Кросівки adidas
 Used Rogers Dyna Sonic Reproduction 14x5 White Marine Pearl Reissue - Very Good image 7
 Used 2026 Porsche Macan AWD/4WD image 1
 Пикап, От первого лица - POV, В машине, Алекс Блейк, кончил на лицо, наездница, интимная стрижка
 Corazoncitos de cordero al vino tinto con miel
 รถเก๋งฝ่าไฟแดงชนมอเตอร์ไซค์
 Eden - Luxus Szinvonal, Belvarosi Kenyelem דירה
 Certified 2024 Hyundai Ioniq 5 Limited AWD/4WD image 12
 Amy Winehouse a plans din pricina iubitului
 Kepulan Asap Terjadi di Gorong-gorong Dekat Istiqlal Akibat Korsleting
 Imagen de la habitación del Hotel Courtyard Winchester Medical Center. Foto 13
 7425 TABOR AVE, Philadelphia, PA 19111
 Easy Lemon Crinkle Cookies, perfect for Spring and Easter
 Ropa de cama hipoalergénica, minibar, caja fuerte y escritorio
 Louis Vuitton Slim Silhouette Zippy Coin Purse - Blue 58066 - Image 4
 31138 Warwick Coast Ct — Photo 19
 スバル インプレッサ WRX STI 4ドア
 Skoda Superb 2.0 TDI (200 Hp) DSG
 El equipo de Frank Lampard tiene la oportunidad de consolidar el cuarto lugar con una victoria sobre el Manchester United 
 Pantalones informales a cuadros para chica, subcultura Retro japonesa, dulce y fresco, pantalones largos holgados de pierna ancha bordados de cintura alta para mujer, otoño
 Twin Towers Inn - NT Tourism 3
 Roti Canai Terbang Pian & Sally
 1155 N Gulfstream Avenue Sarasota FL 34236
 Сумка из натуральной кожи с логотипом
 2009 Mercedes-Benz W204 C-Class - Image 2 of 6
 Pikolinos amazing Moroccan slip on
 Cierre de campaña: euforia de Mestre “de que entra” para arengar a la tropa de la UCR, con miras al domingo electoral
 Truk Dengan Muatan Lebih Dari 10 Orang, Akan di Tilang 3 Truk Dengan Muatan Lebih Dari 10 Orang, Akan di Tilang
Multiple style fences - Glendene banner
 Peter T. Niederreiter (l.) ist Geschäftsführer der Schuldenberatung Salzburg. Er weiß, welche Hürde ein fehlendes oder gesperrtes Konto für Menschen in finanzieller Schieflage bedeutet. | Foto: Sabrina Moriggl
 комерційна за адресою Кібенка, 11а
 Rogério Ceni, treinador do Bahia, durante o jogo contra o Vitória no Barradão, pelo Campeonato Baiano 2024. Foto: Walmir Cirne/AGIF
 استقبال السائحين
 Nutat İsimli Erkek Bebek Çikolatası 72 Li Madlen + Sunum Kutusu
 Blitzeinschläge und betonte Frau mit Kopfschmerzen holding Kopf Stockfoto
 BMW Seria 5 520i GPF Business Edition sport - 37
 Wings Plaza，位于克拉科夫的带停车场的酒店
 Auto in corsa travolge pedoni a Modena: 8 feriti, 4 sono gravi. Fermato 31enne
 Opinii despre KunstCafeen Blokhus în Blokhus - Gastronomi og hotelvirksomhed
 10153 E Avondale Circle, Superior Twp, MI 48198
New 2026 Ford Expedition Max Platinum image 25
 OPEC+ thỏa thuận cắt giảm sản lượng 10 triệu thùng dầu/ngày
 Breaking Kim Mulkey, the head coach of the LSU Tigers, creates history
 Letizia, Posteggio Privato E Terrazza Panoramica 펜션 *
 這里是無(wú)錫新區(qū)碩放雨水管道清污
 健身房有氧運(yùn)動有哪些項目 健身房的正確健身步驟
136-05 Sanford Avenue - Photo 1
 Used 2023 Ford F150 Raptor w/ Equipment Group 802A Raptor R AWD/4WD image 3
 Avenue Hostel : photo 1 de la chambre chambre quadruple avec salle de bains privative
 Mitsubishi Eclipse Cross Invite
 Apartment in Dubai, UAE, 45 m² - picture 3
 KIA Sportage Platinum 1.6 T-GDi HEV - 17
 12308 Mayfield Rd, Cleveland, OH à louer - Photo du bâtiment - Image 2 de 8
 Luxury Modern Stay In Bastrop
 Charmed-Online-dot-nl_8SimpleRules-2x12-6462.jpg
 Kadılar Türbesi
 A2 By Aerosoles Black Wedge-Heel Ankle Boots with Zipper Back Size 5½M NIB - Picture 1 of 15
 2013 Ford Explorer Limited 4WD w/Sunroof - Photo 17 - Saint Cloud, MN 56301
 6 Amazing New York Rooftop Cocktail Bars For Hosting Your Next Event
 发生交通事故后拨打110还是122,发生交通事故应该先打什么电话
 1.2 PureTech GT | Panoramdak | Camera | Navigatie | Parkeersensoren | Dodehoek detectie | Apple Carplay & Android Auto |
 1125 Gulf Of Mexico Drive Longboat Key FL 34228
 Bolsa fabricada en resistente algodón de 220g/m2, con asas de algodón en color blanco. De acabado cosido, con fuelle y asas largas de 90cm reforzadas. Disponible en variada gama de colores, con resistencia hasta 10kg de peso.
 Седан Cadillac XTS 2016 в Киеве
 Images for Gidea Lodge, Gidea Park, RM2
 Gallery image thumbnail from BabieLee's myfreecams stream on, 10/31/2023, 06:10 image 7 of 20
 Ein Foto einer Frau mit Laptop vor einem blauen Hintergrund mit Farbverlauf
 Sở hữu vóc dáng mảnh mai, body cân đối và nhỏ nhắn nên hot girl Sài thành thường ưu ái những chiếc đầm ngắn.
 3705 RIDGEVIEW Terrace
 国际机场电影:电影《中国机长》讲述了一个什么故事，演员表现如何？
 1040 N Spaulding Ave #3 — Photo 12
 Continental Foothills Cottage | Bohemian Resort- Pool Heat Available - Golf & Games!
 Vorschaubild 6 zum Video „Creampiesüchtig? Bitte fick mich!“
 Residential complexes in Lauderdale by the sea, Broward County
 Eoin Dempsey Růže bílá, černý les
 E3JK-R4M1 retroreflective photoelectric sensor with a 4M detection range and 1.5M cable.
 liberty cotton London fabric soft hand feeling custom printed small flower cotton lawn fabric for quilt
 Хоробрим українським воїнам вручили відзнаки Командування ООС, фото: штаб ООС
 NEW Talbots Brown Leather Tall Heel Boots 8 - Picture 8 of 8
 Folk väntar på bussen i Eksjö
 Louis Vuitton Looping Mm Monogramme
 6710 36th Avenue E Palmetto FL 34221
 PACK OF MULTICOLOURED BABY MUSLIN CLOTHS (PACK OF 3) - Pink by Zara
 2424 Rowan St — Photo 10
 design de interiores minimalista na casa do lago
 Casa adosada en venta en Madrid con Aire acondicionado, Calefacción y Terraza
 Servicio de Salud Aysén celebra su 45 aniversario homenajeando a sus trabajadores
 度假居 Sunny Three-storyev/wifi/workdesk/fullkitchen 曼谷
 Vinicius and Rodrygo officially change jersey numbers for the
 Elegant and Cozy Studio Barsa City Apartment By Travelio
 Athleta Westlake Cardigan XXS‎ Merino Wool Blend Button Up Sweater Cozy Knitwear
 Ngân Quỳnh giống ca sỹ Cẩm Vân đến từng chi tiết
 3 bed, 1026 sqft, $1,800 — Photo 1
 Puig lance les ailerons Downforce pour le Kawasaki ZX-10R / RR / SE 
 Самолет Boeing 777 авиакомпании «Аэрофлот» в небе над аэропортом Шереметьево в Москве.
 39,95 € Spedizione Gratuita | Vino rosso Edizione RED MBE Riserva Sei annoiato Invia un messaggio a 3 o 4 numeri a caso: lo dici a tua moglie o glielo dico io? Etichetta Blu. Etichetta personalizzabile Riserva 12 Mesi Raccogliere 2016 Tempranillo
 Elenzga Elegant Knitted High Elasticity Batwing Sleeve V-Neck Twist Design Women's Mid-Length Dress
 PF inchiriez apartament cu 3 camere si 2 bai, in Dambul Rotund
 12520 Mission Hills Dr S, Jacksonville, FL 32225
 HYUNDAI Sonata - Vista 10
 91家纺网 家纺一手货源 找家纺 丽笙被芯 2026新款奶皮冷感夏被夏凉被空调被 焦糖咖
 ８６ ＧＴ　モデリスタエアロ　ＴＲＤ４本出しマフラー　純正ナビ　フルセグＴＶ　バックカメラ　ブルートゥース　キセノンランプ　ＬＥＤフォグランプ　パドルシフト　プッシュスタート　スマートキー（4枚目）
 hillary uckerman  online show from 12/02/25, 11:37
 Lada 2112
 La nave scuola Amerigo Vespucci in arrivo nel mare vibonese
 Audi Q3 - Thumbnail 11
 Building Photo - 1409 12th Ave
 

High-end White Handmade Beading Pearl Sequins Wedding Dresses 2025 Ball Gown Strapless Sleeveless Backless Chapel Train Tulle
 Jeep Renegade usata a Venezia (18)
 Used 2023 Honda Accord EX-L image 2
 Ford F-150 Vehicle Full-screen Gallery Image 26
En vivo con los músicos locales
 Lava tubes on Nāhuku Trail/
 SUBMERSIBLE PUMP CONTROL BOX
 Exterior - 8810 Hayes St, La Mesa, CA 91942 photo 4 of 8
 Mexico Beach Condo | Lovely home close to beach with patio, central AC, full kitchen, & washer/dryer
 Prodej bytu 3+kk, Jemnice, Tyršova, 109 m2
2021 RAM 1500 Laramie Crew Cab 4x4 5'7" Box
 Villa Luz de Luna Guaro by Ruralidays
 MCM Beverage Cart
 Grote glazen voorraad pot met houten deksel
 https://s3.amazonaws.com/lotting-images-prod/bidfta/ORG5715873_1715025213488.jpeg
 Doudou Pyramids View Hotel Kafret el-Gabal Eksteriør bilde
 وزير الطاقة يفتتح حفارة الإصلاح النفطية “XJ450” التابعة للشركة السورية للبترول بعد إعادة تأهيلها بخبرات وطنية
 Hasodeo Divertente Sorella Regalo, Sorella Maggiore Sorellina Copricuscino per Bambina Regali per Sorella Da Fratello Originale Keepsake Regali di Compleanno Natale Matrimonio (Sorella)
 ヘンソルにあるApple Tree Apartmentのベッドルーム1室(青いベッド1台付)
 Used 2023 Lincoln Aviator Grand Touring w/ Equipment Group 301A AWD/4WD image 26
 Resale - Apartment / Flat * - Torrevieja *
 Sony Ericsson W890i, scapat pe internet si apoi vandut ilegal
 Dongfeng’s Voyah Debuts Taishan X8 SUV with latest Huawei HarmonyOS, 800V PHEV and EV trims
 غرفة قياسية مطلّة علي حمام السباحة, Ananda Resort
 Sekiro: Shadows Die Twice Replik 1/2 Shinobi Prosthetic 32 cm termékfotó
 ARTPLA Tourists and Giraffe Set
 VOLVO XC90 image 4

→ Exercise directions:
Your output should be an exact copy of the lines from the top of the listing above to the line with "Сумка из натуральной кожи с логотипом", both ends included.

→ Written answer:
Кросівки adidas
 Used Rogers Dyna Sonic Reproduction 14x5 White Marine Pearl Reissue - Very Good image 7
 Used 2026 Porsche Macan AWD/4WD image 1
 Пикап, От первого лица - POV, В машине, Алекс Блейк, кончил на лицо, наездница, интимная стрижка
 Corazoncitos de cordero al vino tinto con miel
 รถเก๋งฝ่าไฟแดงชนมอเตอร์ไซค์
 Eden - Luxus Szinvonal, Belvarosi Kenyelem דירה
 Certified 2024 Hyundai Ioniq 5 Limited AWD/4WD image 12
 Amy Winehouse a plans din pricina iubitului
 Kepulan Asap Terjadi di Gorong-gorong Dekat Istiqlal Akibat Korsleting
 Imagen de la habitación del Hotel Courtyard Winchester Medical Center. Foto 13
 7425 TABOR AVE, Philadelphia, PA 19111
 Easy Lemon Crinkle Cookies, perfect for Spring and Easter
 Ropa de cama hipoalergénica, minibar, caja fuerte y escritorio
 Louis Vuitton Slim Silhouette Zippy Coin Purse - Blue 58066 - Image 4
 31138 Warwick Coast Ct — Photo 19
 スバル インプレッサ WRX STI 4ドア
 Skoda Superb 2.0 TDI (200 Hp) DSG
 El equipo de Frank Lampard tiene la oportunidad de consolidar el cuarto lugar con una victoria sobre el Manchester United 
 Pantalones informales a cuadros para chica, subcultura Retro japonesa, dulce y fresco, pantalones largos holgados de pierna ancha bordados de cintura alta para mujer, otoño
 Twin Towers Inn - NT Tourism 3
 Roti Canai Terbang Pian & Sally
 1155 N Gulfstream Avenue Sarasota FL 34236
 Сумка из натуральной кожи с логотипом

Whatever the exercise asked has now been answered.